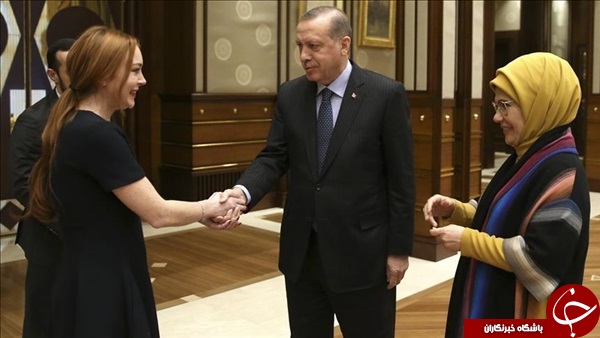 اردوغان از بازیگر هالیوودی مدال گرفت!+ تصاویر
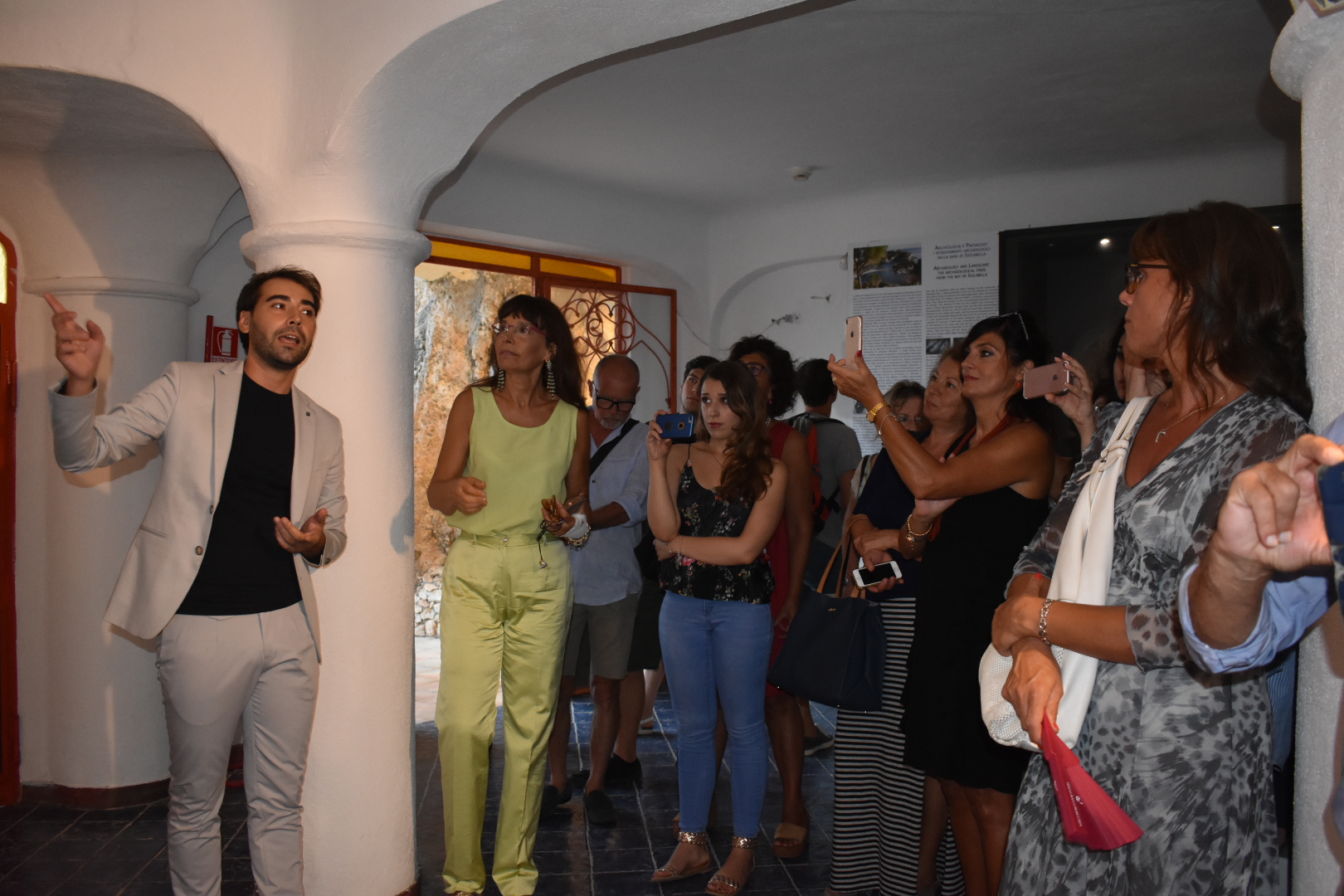 Inaugurata la mostra "La Storia di Isolabella"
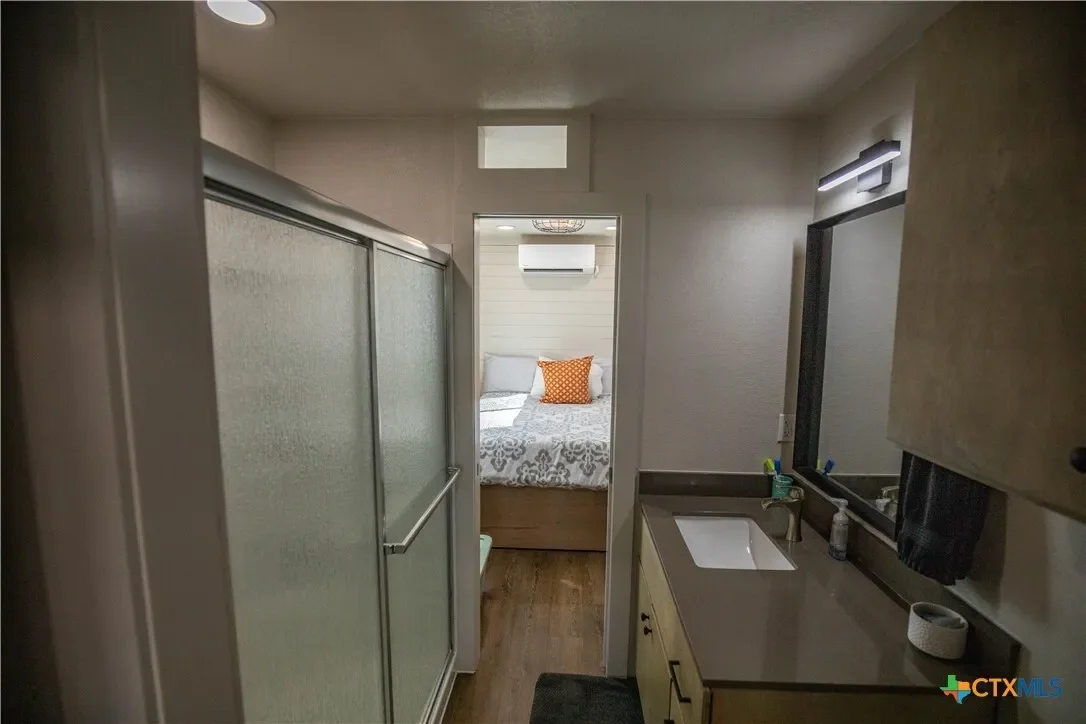 000 Stratton Road, Yoakum, TX 77995, Yoakum, Texas, United States. - Photo 27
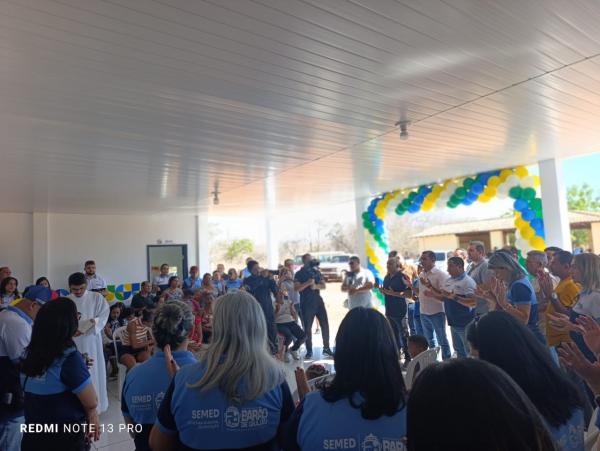 Prefeitura de Bar&atilde;o de Graja&uacute; reinaugura escola na localidade Jatob&aacute; Ferrado.(Imagem:FlorianoNews)
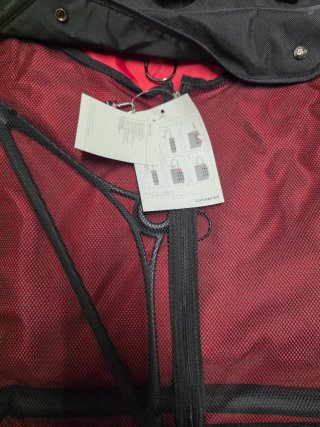 Portatrajes Samsonite ProDLX. Negro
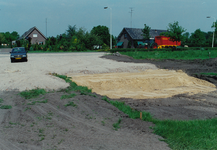 243456 Bouwrijp maken van de wijk Heivelden, met op de achtergrond de woningen aan de Oirschotseweg 100 - 102, 31/05/1996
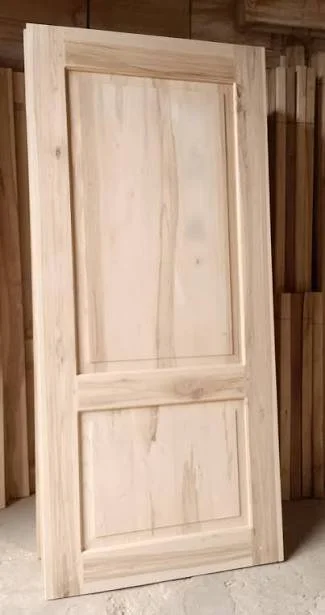 PUERTA LAUREL 1.jpg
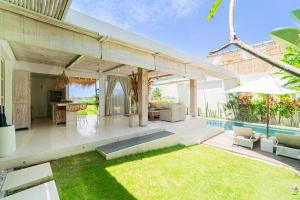 Kokomo Villas by Aayan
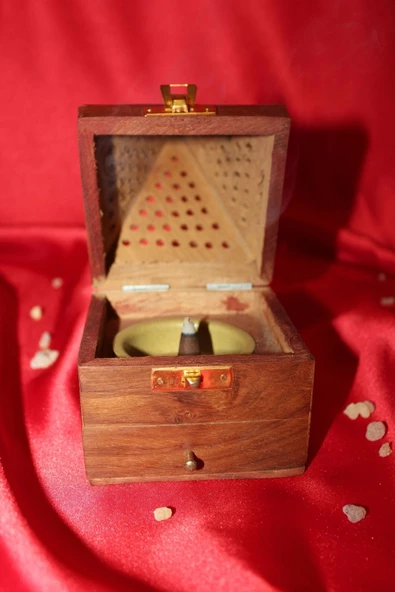 Konik Tütsülük Piramit Çekmeceli - Resim 2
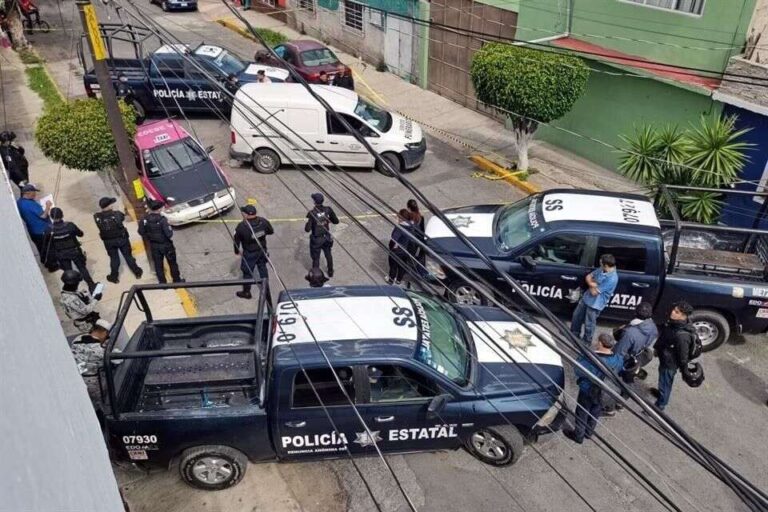 Abandonan embolsado dentro de un taxi en Ecatepec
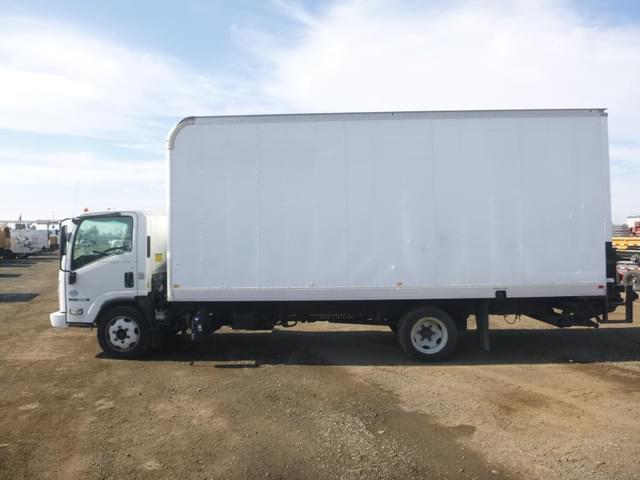 Image of Isuzu NQR equipment image 4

————————

**TO DO**
The stretch above running from the line with "Inaugurata la mostra" through the line with "Konik Tütsülük Piramit Çekmeceli - Resim 2" is all you should copy, exactly, leaving out the pictures.

**RESULT BELOW**
 Inaugurata la mostra "La Storia di Isolabella"
 000 Stratton Road, Yoakum, TX 77995, Yoakum, Texas, United States. - Photo 27
 Prefeitura de Bar&atilde;o de Graja&uacute; reinaugura escola na localidade Jatob&aacute; Ferrado.(Imagem:FlorianoNews)
 Portatrajes Samsonite ProDLX. Negro
 243456 Bouwrijp maken van de wijk Heivelden, met op de achtergrond de woningen aan de Oirschotseweg 100 - 102, 31/05/1996
 PUERTA LAUREL 1.jpg
 Kokomo Villas by Aayan
 Konik Tütsülük Piramit Çekmeceli - Resim 2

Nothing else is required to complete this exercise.